A visão protestante foi muito bem-recebida pelas elites brasileiras, como diz Mendonça: Na época em que as missões protestantes se estabeleceram definitivamente no Brasil, já se esboçavam desejos de modernização, de encaminhamento da vida política nacional no sentido da civilização anglo-saxônica como consequência da expansão capitalista dos países protestantes. De maneira que a ideologia do protestantismo norte-americano foi bem recebida pelas elites dirigentes, não faltando mesmo o apoio de alguns expoentes da vida nacional da época. [...] a educação nos colégios protestantes reproduzia os padrões da ideologia norte americana do individualismo, do liberalismo e do pragmatismo. Não desconheceram os missionários, logo de começo, o formidável obstáculo que representava a civilização católica, transplantada da Península Ibérica pelos jesuítas logo no começo da colonização. Transplantar para cá e ver medrar aqui a cultura norte-americana era tarefa de gigantes. Recursos materiais e humanos empregados nisso foram grandes, ainda que não avaliados. [...] Como a elite nacional era cliente da educação jesuítica, era necessário conquistar essa clientela. Bons e modernos colégios seriam forte atração para um povo que vivia numa época de busca de um novo polo de orientação. Daí ser uma constante nos relatos dos cronistas protestantes as entusiasmadas referências à aceitação, por parte das elites, dos seus estabelecimentos, que tinham por bandeira o ensino moderno e mais eficiente do que o tradicional [...] O historiador batista Crabtree entende que o conflito de sistemas, com a cultura católica e a cultura protestante colocadas frente a frente no Brasil, só seria resolvido se a educação evangélica comprovasse sua superioridade. Somente a doutrinação religiosa não seria suficiente para a solução do conflito a favor dos protestantes. [...]. Se nas bases, isto é, nas congregações locais preponderantemente rurais, era necessário alfabetizar para tornar possível o culto e a instrução diretamente religiosa, nas cidades era preciso educar as elites para aquela transformação de mentalidade que estava presente nos

objetivos missionários. O analfabetismo popular e a falta de preparo da classe dirigente eram fatais para o desenvolvimento dos ideais republicanos e democráticos. Para um presbiteriano, essas deficiências não somente dificultavam o funcionamento eclesiástico, que na sua forma já era um início de prática política democrática, mas impediam também o país de pôr em ação suas próprias leis (MENDONÇA, 1995, p. 163,164).
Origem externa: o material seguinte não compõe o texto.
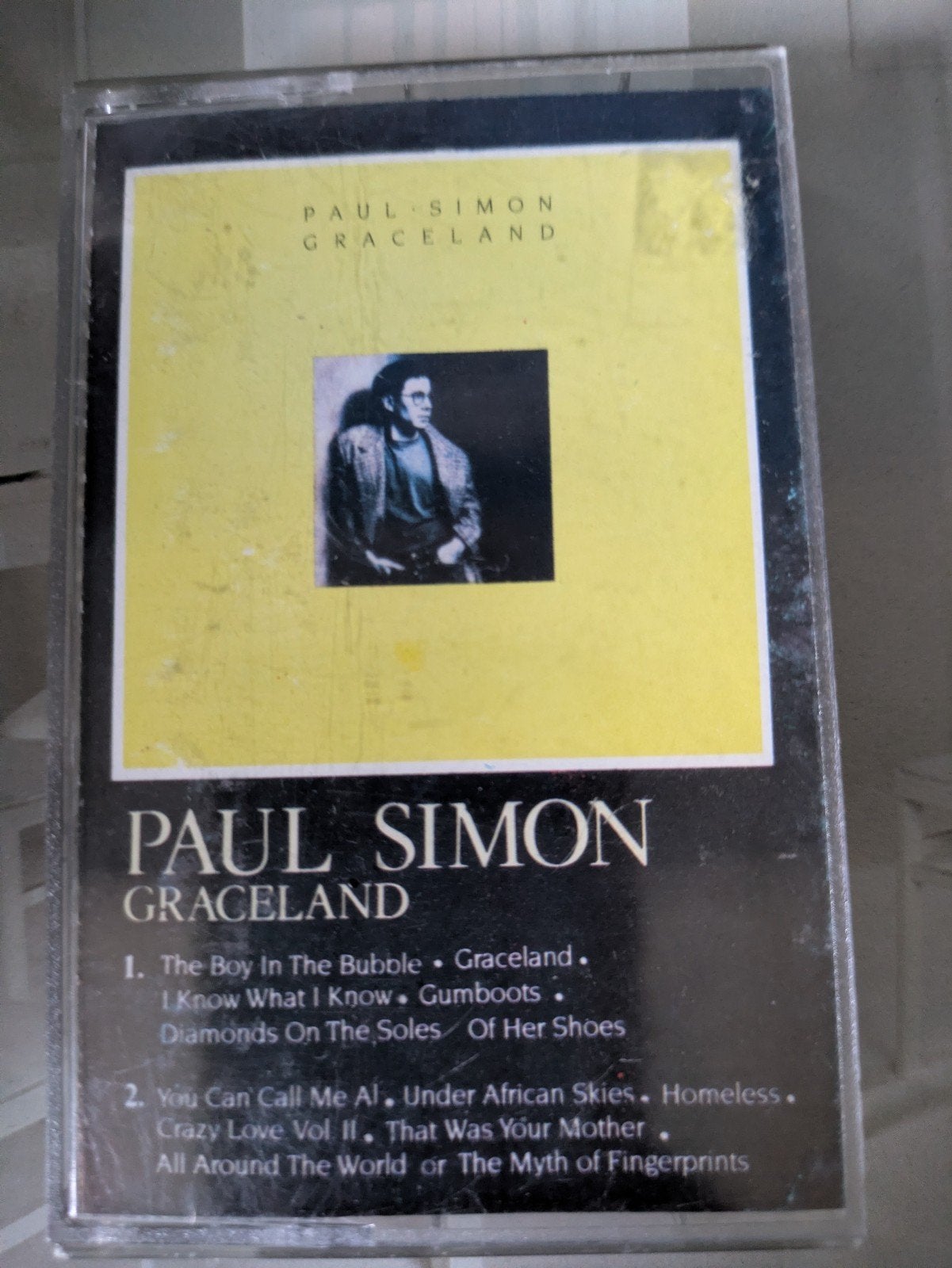 Paul Simon - Graceland Cassettebandje, Ophalen of Verzenden, Gebruikt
Mendonça conclui suas observações descrevendo o meio de crescimento e modus operandi da Igreja protestante no Brasil, que foi o método utilizado pelos presbiterianos até a década de 1960. Mendonça resume:

Procurei mostrar que a estratégia missionária protestante não podia prescindir da educação para atingir a sociedade brasileira, pelas próprias características do protestantismo. O livre exame, um dos princípios da Reforma, exige que o indivíduo tenha acesso direto ao texto sagrado. A ideologia americana, em expansão, procurava atingir, de modo indireto e por saturação, as classes dirigentes, intelectuais e políticas. Mais precisamente, contribuir para a construção de uma civilização cristã protestante, no modelo anglo-saxão. Era uma missão divina. Desse modo, as escolas paroquiais tinham função de apoio à pregação conversionista, e os colégios a de introduzir a nova ideologia (MENDONÇA, 1995, p. 167).

Esta estratégia, obviamente, acabou por elitizar o presbiterianismo, que não conseguiu sensibilizar as massas, tampouco incutir uma visão mais “social” a seus membros.